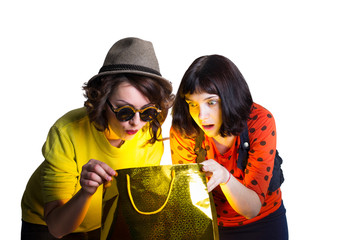 two women open bag with surprise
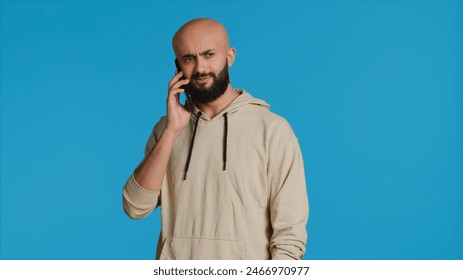 Arab person answering phone call in front of camera, talking to his friends on remote chat with smartphone. Young adult using mobile phone communication to discuss with people. Camera 1. - Powered by Shutterstock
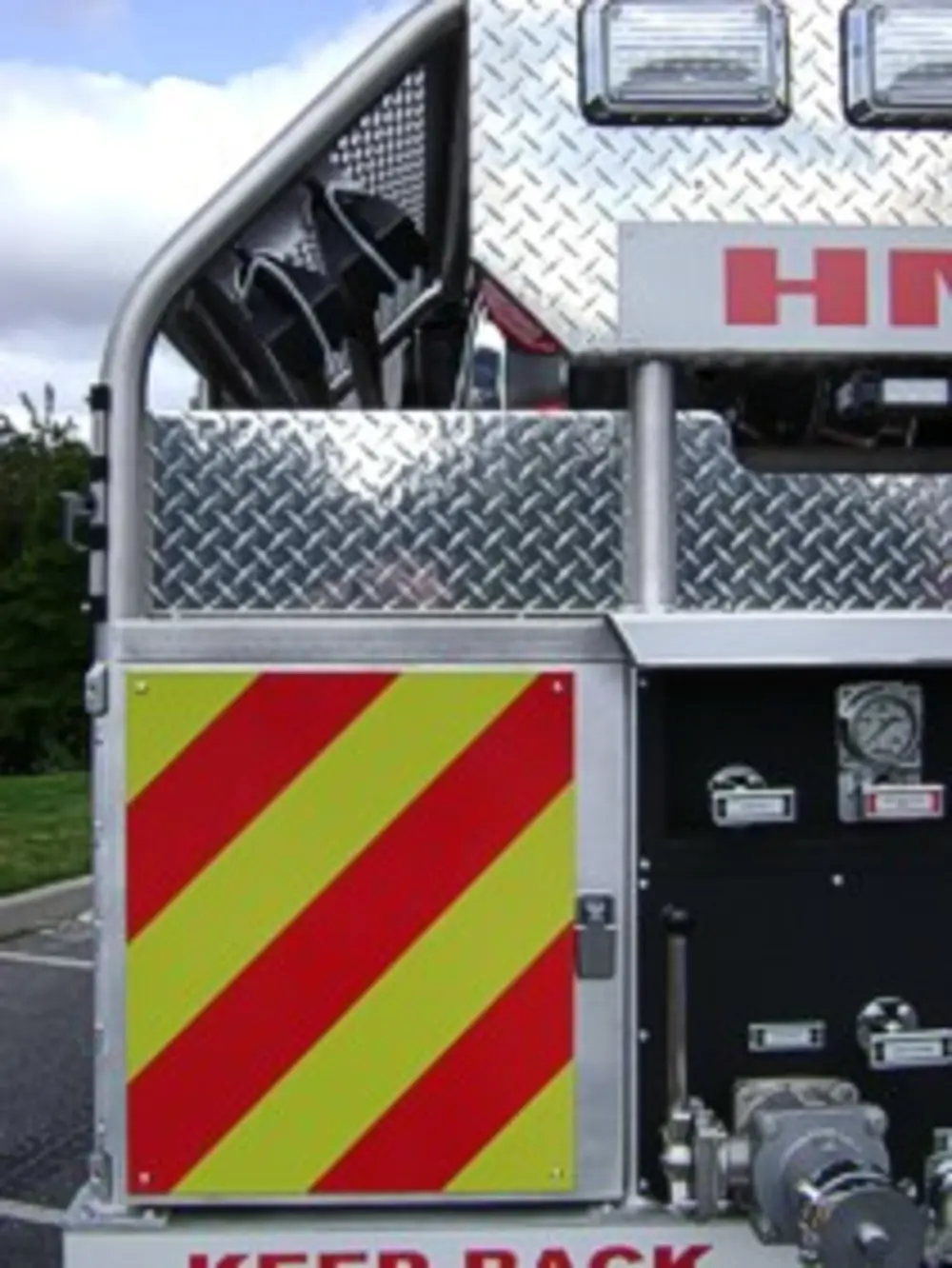 Exterior view of small fire truck showing cab, body compartments, and wheel/tire area.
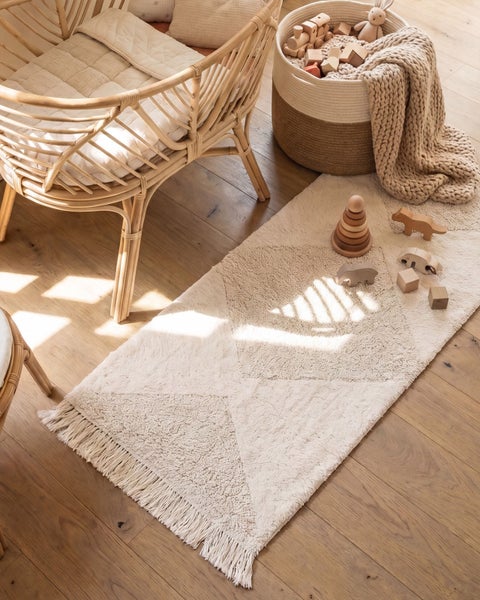 Ein Kinderzimmer mit einem Rattan Sessel, einem strukturierten Teppich mit Fransen und einem Korb voller Holzspielzeug auf einem Holzboden.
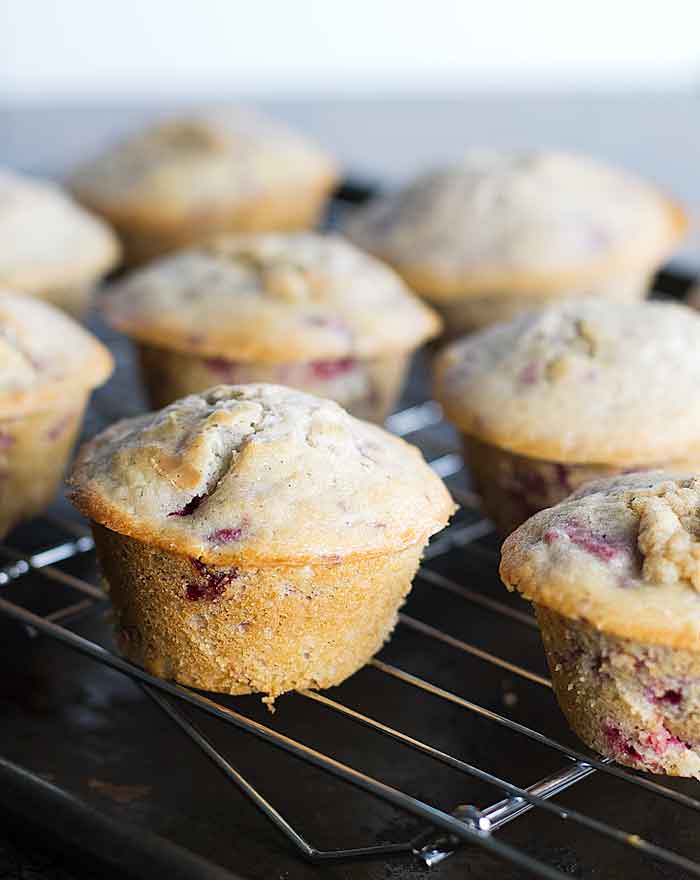 baked raspberry muffins on a baking rack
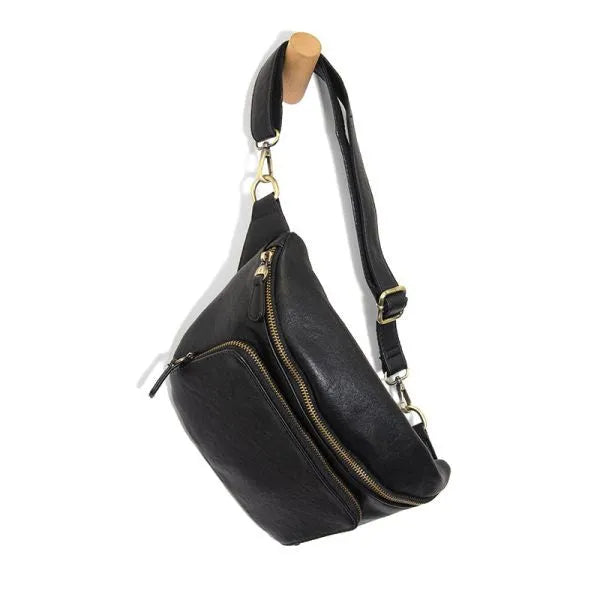 Black leather rory organizer sling belt bag with gold-toned zippers and hardware for stylish hands-free use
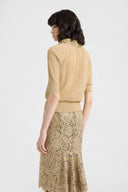 Polo in cotone e lurex con colletto in tulle ricamato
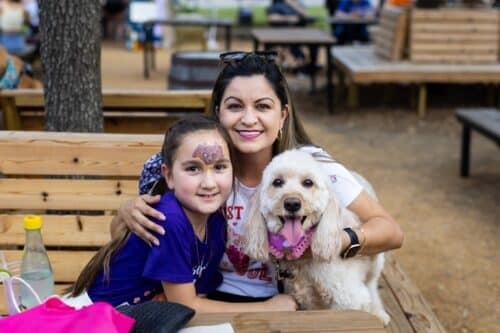 Smiling woman embraces a girl with face paint and their cream-colored dog wearing a pink bandana.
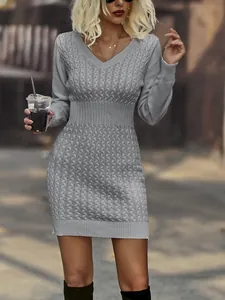 Close-up of grey cable-knit sweater dress with V-neck and slim waist design.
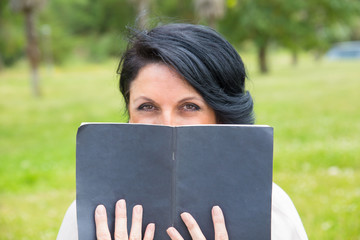 Smiling sly woman covering low face with open notebook with blank cover. Middle aged Caucasian lady reading notes outdoors, hiding face behind copybook and looking at camera. Keeping secret concept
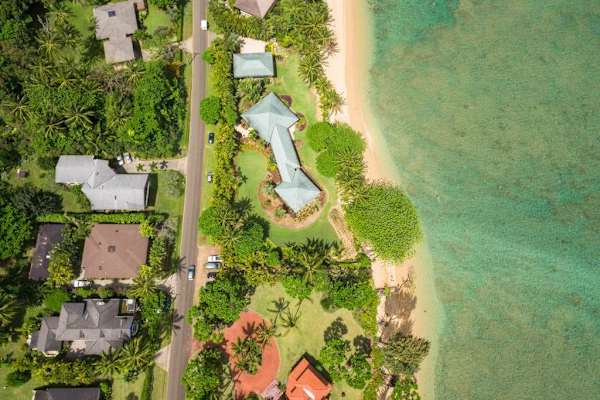 Aerial property view showcases buildings, greenery, lawn, and coastal surroundings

Task to carry out :: Although pictures appear among the records above, write out exactly only the lines from the one that has "Polo in cotone" through the one that has "Close-up of grey", and leave the pictures out.

Solution ::
 Polo in cotone e lurex con colletto in tulle ricamato
 Smiling woman embraces a girl with face paint and their cream-colored dog wearing a pink bandana.
 Close-up of grey cable-knit sweater dress with V-neck and slim waist design.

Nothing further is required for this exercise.